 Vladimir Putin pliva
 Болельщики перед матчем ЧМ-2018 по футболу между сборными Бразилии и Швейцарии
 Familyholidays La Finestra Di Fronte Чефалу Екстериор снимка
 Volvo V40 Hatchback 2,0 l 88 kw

==

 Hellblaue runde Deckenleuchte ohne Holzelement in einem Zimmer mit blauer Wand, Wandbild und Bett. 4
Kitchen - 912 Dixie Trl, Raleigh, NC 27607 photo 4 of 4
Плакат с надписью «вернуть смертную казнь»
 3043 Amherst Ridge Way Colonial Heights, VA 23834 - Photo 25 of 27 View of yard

Task directions
Begin with the line above that has "Болельщики перед матчем" and continue through the line that has "Volvo V40 Hatchback 2,0 l 88 kw", setting each one down exactly. Stop there.

Solution to the problem
 Болельщики перед матчем ЧМ-2018 по футболу между сборными Бразилии и Швейцарии
 Familyholidays La Finestra Di Fronte Чефалу Екстериор снимка
 Volvo V40 Hatchback 2,0 l 88 kw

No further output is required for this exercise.